Optical setup of IFS reservoir with an optical feedback loop

For evaluation, one-step-ahead prediction of the Santa Fe time-series data was performed. The feedback rate \(\beta \), the number of training data, and the number of prediction data were set to 0.5, 3,000, and 1,000, respectively. The optical parameters are listed in Table 3. Figure 11a–c show the prediction results for the time-series data, label data, and their differences. The NMSE value obtained under these conditions was 0.098. When the feedback loop signal was removed under the same conditions, the NMSE was 0.105, demonstrating the potential for improved prediction accuracy with feedback.

Fig. 11
figure 11

a Label of Santa Fe time-series data. b, d, f One-step ahead prediction of the proposed system with an optical feedback loop and c, e, g the difference when the magnification of the gain in the image sensor was 1.0, 1.1, and 1.2, respectively

The values presented in Eq. 10 demonstrate a decrease with an increase in the order. This is owing to \(\beta < 1\). The sensitivity of the image sensor was used to adjust the signal acquisition of the calculated higher-order terms. Therefore, the change in the prediction ability due to the adjustment of the image sensor gain was verified.
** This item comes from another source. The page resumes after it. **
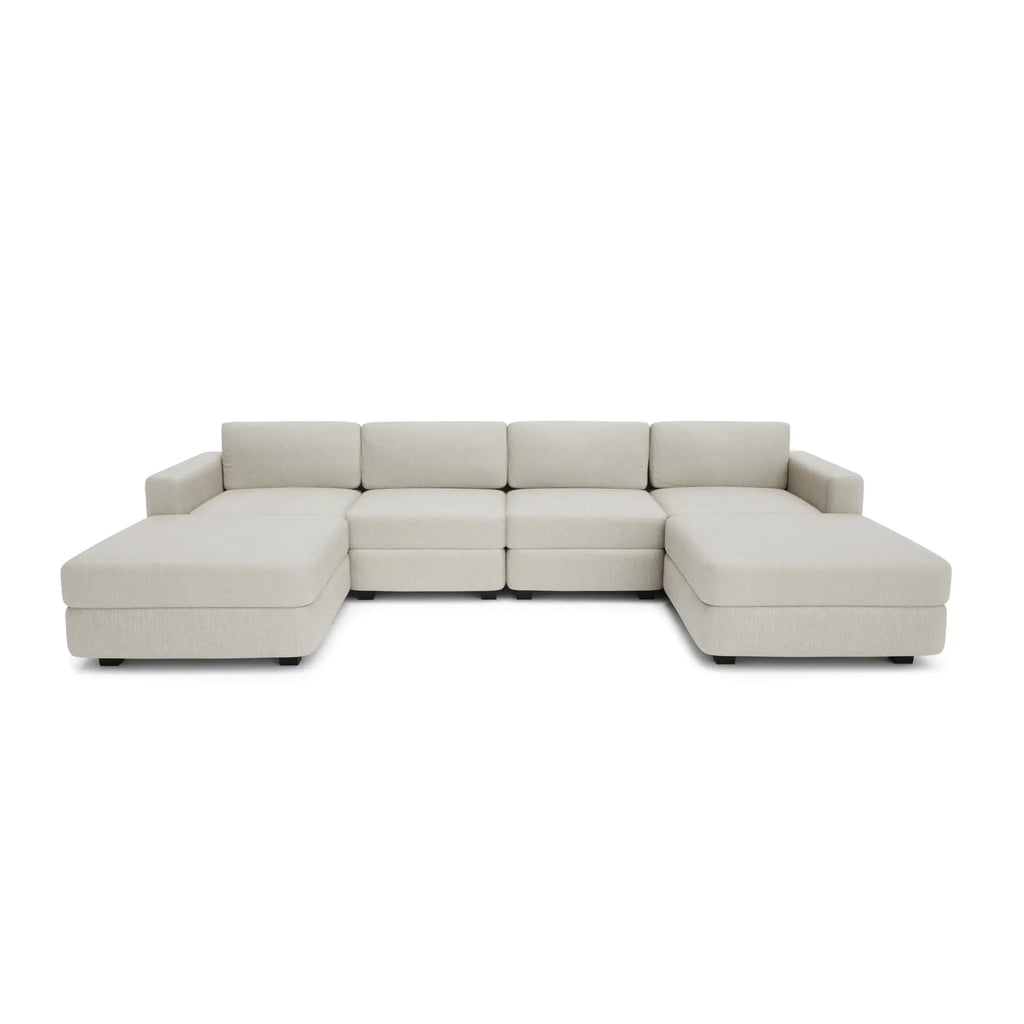 Divano Modulare GRACIA Forma U 180x320x180 Beige Crema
Figure 11d, f show the prediction results when the gain was 1.1 and 1.2 times higher than that in case of Fig. 11b. In case of Fig. 11e The NMSE was 0.083 and the prediction accuracy improved. However, when the magnification of the gain was 1.2, the NMSE was 0.800, and the prediction accuracy decreased. When the gain is increased, a saturation of the light intensity occurs in the image sensor. . Consequently, a signal with effective prediction information cannot be obtained, and the prediction accuracy decreases. Therefore, it was demonstrated that it is necessary to adjust not only IFS parameters but also the sensitivity of the image sensor appropriately.

8 Discussion

The IFS reservoir computing allows for tuning of the parameters depending on the prediction task. Next step is to optimize individual parameters and maximize the performance. Various approaches have been suggested for optimizing hyperparameters in reservoir computing through computational processing [23,24,25]. In physical reservoir computing using FPGA, researchers have proposed methods for parameter tuning utilizing genetic algorithms [26]. Moreover, Bayesian estimation has been applied to realize more efficient parameters optimization compared to grid search methods [27]. Therefore, computational processing allows the optimization of hyperparameters efficiently, and the performance of reservoir computing can be optimized. In IFS reservoir computing, the number of IFS parameters is more than ten, which is twice as high as that in other studies. The number of parameters is corresponding to a degree of freedom in the tuning, and it is expected that higher prediction performance by the optimization can be realized. Furthermore, IFS reservoir computing provides the optimization of hyperparameters by adjusting the optical elements after construction of the system. By problem-specific parameter optimization, a reservoir computing predicting a wide range of time-series data can be built.